The 15th annual NAVAIR Commander’s Awards ceremony, held in Patuxent River, Maryland, as well as via a national video teleconference on June 17, celebrated technical, business and leadership excellence in support of NAVAIR’s focus areas: increase speed to the fleet, consistently deliver integrated and interoperable warfighting capabilities, and improve affordability.
Some of the MRTS team were also recognized at a Town Hall meeting for the NAWCTSD de Florez Award. Presenting the award with Capt. Naylor (left) is Commander, Naval Air Warfare Center Aircraft Division, Rear Adm. Dean Peters.
This year, there were 52 nominations, representing a broad spectrum of programs and exemplifying the dedication, innovative spirit, and drive for results that enable NAVAIR to accomplish its mission effectively on behalf of the warfighters, said Command Career Counselor Michael Sekeet.
NAVAIR Commander Vice Adm. David Dunaway congratulated the winners on their innovative spirit and willingness to go above and beyond the status quo. “This organization is an innovative organization,” he said. “We are celebrating the great opportunities and great times that make NAVAIR what it is.” He cited some of NAVAIR’s fiscal year 2014 deliveries, including 193 new aircraft, more than 21,000 missiles/bombs and three unmanned air vehicles, among many others, in a year mired in difficulties, such as a furlough and budget cuts.
Congratulations to the Naval Air Warfare Center Training Systems Division (NAWCTSD) Multipurpose Reconfigurable Training System (MRTS), referred to as the MRTS 3D™ Virginia Torpedo Room trainer!

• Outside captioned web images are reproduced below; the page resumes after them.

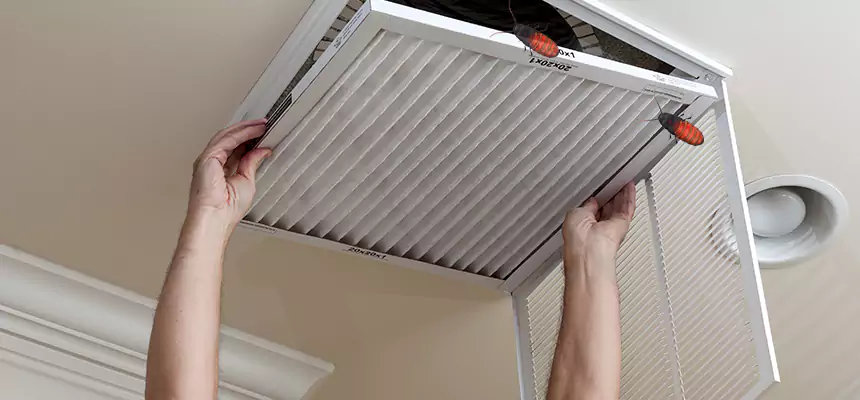 Preventive Cockroach-Proofing for Ducts in Fairview Park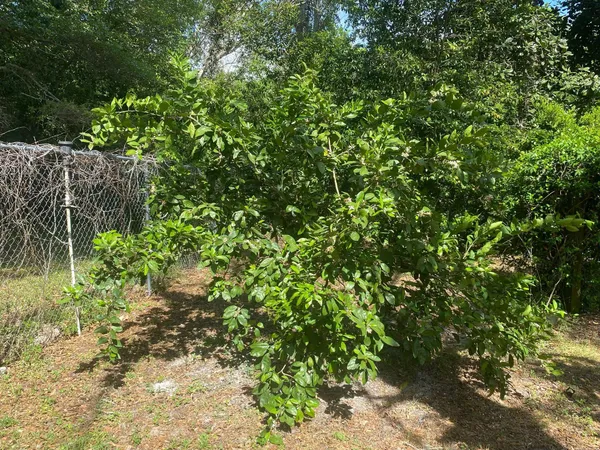 $599,000 | 14040 Highway 20, Niceville, FL 32578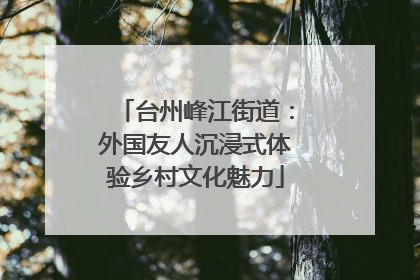 台州峰江街道：外国友人沉浸式体验乡村文化魅力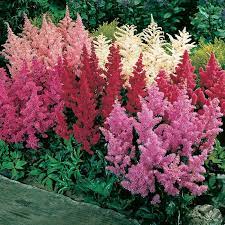 Mixed Astilbe Flowers And Bulbs Veseys Plants Flowers Perennials Flower Landscape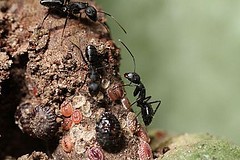 Credit: Courtesy of David Hughes 						 Ants that act as bodyguards to tend dise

They received the Quality of Service/Customer Service award for their work on the MRTS, which represents a significant step forward in low cost, high-fidelity simulation of tactical shipboard equipment.
Employing commercial-off-the-shelf computer hardware running a commercial, physics-based gaming engine, the team, led by David Thomas, replicated the details of an actual VIRGINIA-class submarine to the smallest detail. This trainer provides a realistic training capability surpassed only by an actual shipboard system. The team developed the trainer in just one year and installed it at a cost of less than 10 percent of a shipboard system. Submarine squadron staffs already use the system to certify crew proficiency before development.